- [Information provided]:
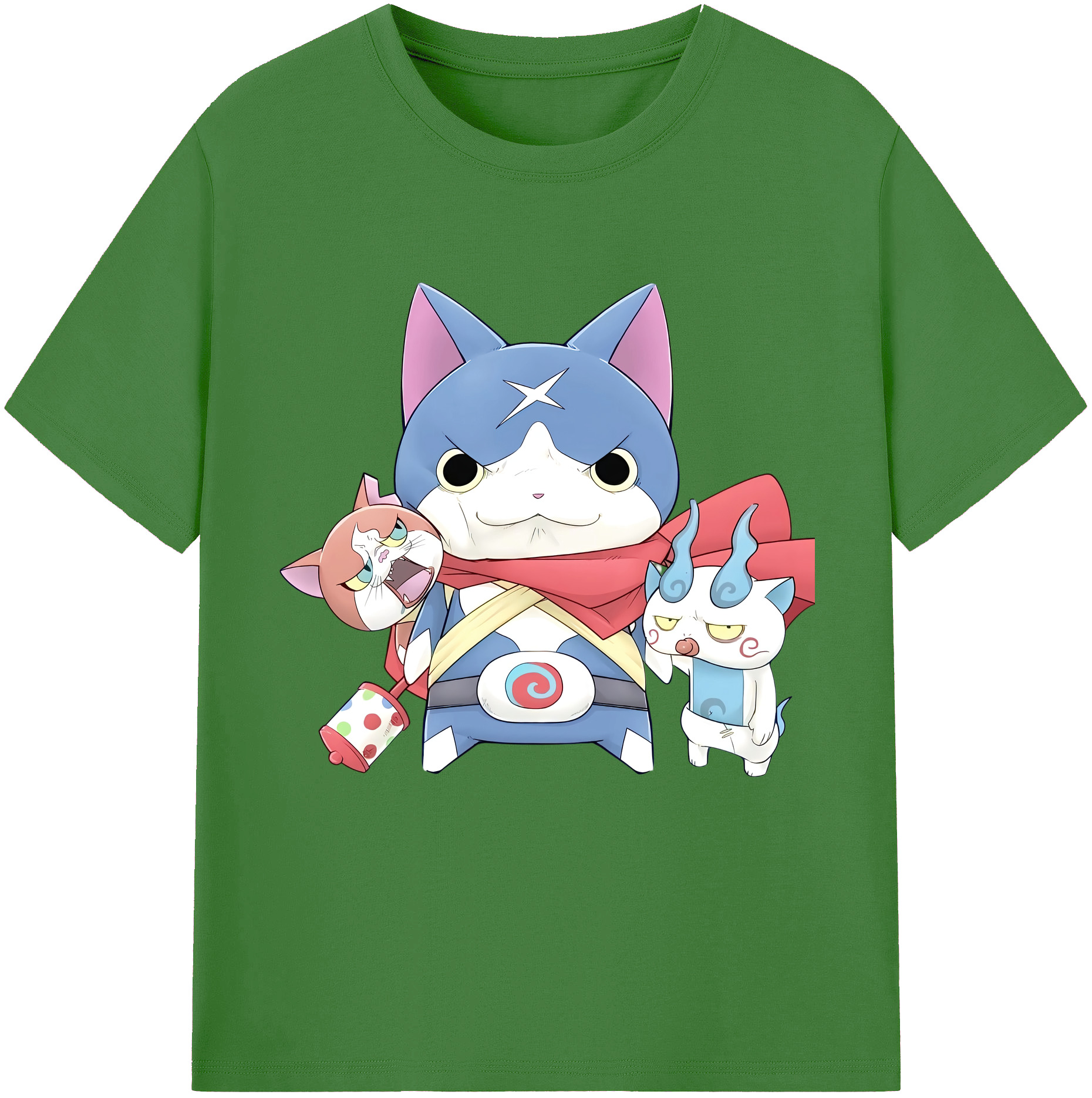 （画像用） 妖怪ウォッチ Yo-kai Watch レディースカジュアルプリントTシャツ（綿100％）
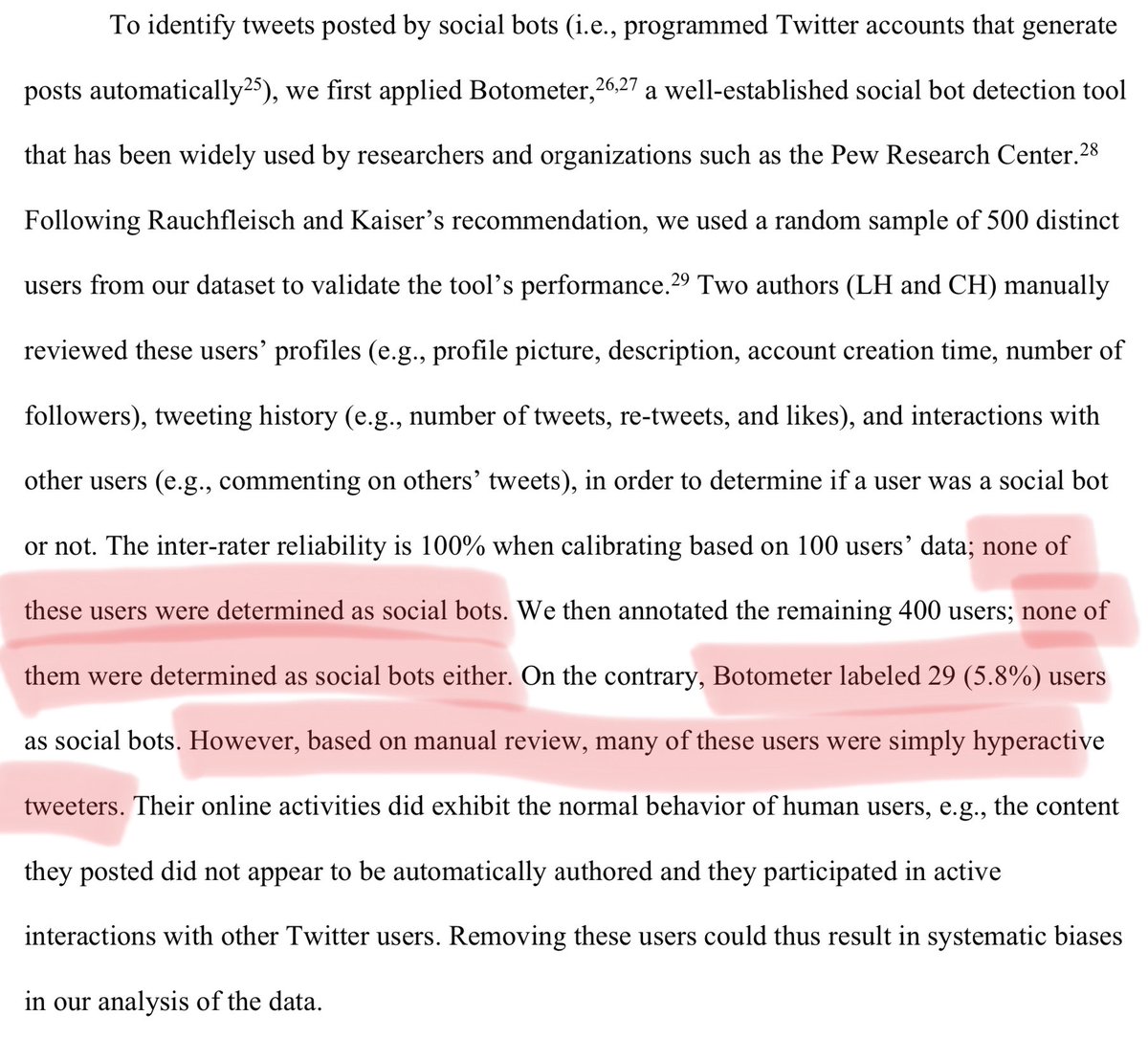 Florian Gallwitz (@floriangallwitz) on Twitter photo For the first time ever, the authors of a disinformation study take their time to manually check whether the "social bots" determined using @botometer-voodoo are actually "social bots".
Turns out, of course, that none of them are.
academic.oup.com/jamia/advance-ā¦
/ht <a href="/OuzhouAdi/">Adrian Rauchfleisch</a> For the first time ever, the authors of a disinformation study take their time to manually check whether the "social bots" determined using @botometer-voodoo are actually "social bots".
Turns out, of course, that none of them are.
academic.oup.com/jamia/advance-ā¦
/ht <a href="/OuzhouAdi/">Adrian Rauchfleisch</a>
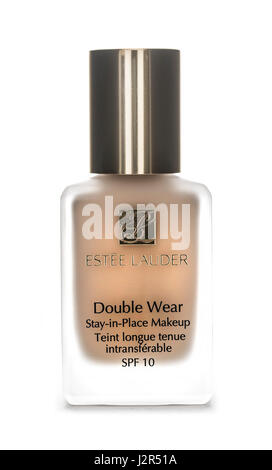 SWINDON, Royaume-Uni - Mai 1, 2017 : Double Wear Stay in place un miroir SP10 sur fond blanc Banque D'Images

- [Problem to solve]: Report every line of the preceding listing where the string "Adrian" occurs.

- [Your response]:
/ht <a href="/OuzhouAdi/">Adrian Rauchfleisch</a> For the first time ever, the authors of a disinformation study take their time to manually check whether the "social bots" determined using @botometer-voodoo are actually "social bots".
/ht <a href="/OuzhouAdi/">Adrian Rauchfleisch</a>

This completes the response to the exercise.